TASK INSTRUCTIONS: Give back an exact copy of the lines from the start of the material through the line bearing "Hermès Birkin 35". Include both ends and nothing else.

=-=-=-=-=

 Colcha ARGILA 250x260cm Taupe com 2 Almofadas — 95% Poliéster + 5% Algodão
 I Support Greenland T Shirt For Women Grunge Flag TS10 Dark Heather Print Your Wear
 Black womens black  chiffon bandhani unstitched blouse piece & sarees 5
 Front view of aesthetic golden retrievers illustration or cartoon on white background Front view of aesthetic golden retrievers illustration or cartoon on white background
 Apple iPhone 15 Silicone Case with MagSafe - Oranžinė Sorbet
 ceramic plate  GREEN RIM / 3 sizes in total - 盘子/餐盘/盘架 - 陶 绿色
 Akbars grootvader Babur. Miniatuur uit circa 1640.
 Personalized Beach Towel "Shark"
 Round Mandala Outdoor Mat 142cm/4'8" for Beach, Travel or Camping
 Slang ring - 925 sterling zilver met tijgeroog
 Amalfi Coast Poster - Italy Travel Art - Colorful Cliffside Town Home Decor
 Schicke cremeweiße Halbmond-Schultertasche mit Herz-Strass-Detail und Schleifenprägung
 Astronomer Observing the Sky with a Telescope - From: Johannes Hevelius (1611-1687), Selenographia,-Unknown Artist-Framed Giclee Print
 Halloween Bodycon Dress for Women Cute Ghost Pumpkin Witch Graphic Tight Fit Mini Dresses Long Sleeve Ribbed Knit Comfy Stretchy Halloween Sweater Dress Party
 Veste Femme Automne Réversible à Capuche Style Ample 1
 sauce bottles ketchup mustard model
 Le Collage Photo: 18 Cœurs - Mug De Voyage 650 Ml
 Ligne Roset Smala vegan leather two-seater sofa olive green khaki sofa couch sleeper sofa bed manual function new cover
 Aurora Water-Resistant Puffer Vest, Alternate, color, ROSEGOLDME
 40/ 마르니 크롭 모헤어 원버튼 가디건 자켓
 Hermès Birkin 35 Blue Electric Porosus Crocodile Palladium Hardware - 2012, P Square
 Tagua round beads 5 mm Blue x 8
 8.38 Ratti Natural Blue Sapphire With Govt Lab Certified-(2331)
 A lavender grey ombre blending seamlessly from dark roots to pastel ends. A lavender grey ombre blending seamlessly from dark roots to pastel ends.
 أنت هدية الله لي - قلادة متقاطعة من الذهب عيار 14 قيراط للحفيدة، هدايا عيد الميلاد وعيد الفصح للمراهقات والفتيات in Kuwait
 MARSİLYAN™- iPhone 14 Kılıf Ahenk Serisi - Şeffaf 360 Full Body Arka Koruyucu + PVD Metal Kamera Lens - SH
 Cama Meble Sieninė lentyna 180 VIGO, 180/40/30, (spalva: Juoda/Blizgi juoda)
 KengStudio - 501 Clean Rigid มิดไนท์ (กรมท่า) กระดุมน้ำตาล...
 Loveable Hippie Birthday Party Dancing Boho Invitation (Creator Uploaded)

=-=-=-=-=

EXERCISE RESPONSE:
 Colcha ARGILA 250x260cm Taupe com 2 Almofadas — 95% Poliéster + 5% Algodão
 I Support Greenland T Shirt For Women Grunge Flag TS10 Dark Heather Print Your Wear
 Black womens black  chiffon bandhani unstitched blouse piece & sarees 5
 Front view of aesthetic golden retrievers illustration or cartoon on white background Front view of aesthetic golden retrievers illustration or cartoon on white background
 Apple iPhone 15 Silicone Case with MagSafe - Oranžinė Sorbet
 ceramic plate  GREEN RIM / 3 sizes in total - 盘子/餐盘/盘架 - 陶 绿色
 Akbars grootvader Babur. Miniatuur uit circa 1640.
 Personalized Beach Towel "Shark"
 Round Mandala Outdoor Mat 142cm/4'8" for Beach, Travel or Camping
 Slang ring - 925 sterling zilver met tijgeroog
 Amalfi Coast Poster - Italy Travel Art - Colorful Cliffside Town Home Decor
 Schicke cremeweiße Halbmond-Schultertasche mit Herz-Strass-Detail und Schleifenprägung
 Astronomer Observing the Sky with a Telescope - From: Johannes Hevelius (1611-1687), Selenographia,-Unknown Artist-Framed Giclee Print
 Halloween Bodycon Dress for Women Cute Ghost Pumpkin Witch Graphic Tight Fit Mini Dresses Long Sleeve Ribbed Knit Comfy Stretchy Halloween Sweater Dress Party
 Veste Femme Automne Réversible à Capuche Style Ample 1
 sauce bottles ketchup mustard model
 Le Collage Photo: 18 Cœurs - Mug De Voyage 650 Ml
 Ligne Roset Smala vegan leather two-seater sofa olive green khaki sofa couch sleeper sofa bed manual function new cover
 Aurora Water-Resistant Puffer Vest, Alternate, color, ROSEGOLDME
 40/ 마르니 크롭 모헤어 원버튼 가디건 자켓
 Hermès Birkin 35 Blue Electric Porosus Crocodile Palladium Hardware - 2012, P Square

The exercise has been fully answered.